Senior Site Reliability Engineer
Careem is the internet platform for the greater Middle East region. A pioneer of the region's ride-hailing economy, Careem is expanding services across its platform to become the region's everyday Super App. Careem's mission is to simplify and improve the lives of people and build an awesome organisation that inspires. Established in July 2012, Careem operates in over 100 cities across 13 countries and has created more than one million employment opportunities in the region. Careem became a wholly-owned subsidiary of Uber Technologies, Inc. in January 2020.
About the role
We are looking for engineers who will work within the SRE team to focus on enabling Kubernetes and taking cloud-native technology to the next level within Careem. We need expert, execution-focused engineers to help shape the future of the Careem platform and to help us scale our already sizable effort greatly. As an SRE in Careem, you'll architect, build and maintain Kubernetes clusters and its corresponding ecosystem required to ensure resilience, reliability of our services and speed up deployments with the aim of improving our products used by millions of customers every day. Key responsibilities include:
- Make an impact from design phase, through development and operation of Kubernetes cluster and its ecosystem on AWS
- Build core services, tooling and create technical processes that simplify and enable engineers across multiple services
- Identifying and automating and scale systems without compromising on security and reliability
- Participate in on-call rotations and help improve incident response
What you’ll need
- 5+ years of software engineering and/or operations experience
- Expertise and experience in architecting, developing, operating and troubleshooting Kubernetes clusters and/or other highly available systems at scale
- Good knowledge of at least one of the following programming languages: Go, Python, Java, Rust, C++
- Experience with Cloud Infrastructure (AWS preferred)

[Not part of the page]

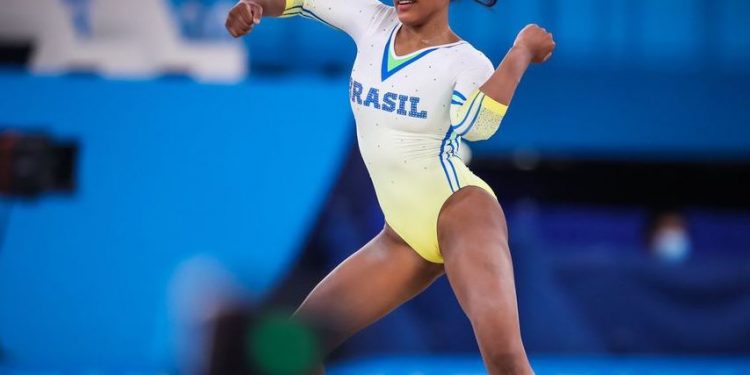 Rebeca Andrade se destaca na disputa individual da ginástica artística - Foto: Gaspar Nóbrega/COB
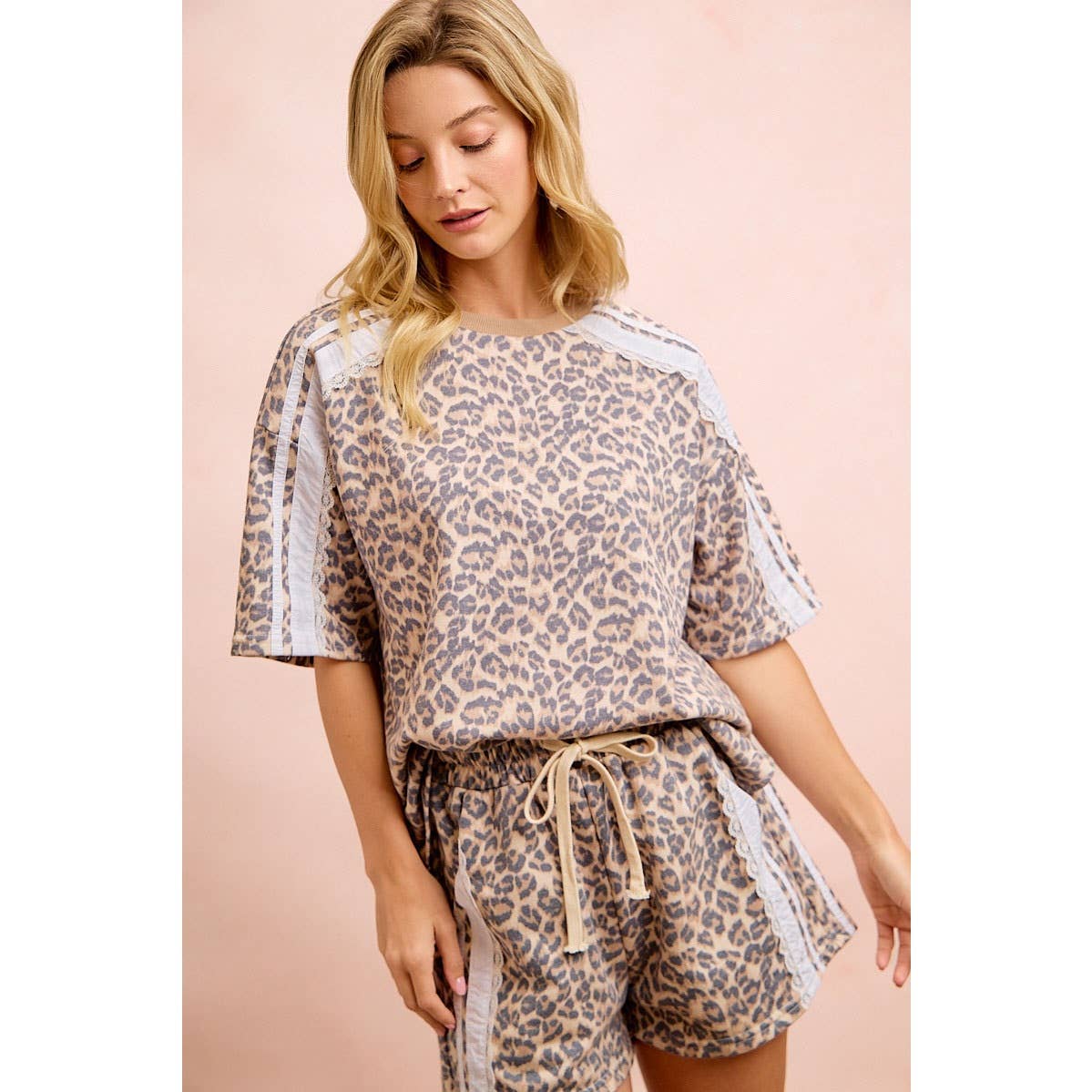 Wild Charm Eyelet Sleeve Top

- Experience with infrastructure automation (Infrastructure as Code)
- Strong Unix or Linux background, including topics around network stack and scripting
- Incident response and/or incident management experience is a plus
- Experience on DevOps topics such as monitoring, CI/CD, security is a plus
- Effective communication and collaboration skills: have the ability to drive and promote technical partnerships across teams
What will keep you busy?
- Work within a lean team in quick iterations on large impactful projects
- Collaborate with teams to deliver an efficient cloud-native platform
- Ensure infrastructure is scalable, responsive, and reliable
- Automate everything with tools and workflows
- Evaluate and select tools and technologies needed for efficient support of the systems
- Keep our solutions cost-effective by improving performance and increasing utilization
What do we offer you?
Working in an international environment with colleagues from 70+ nationalities, ownership culture, flexible working hours, unlimited (paid!) holidays and the latest technologies.
Careem gives equal opportunities. All aspects of ownership including the decision to hire, promote, discipline, or discharge, will be based on merit, competence, performance, and business needs. We celebrate diversity and are committed to creating an inclusive environment for everyone.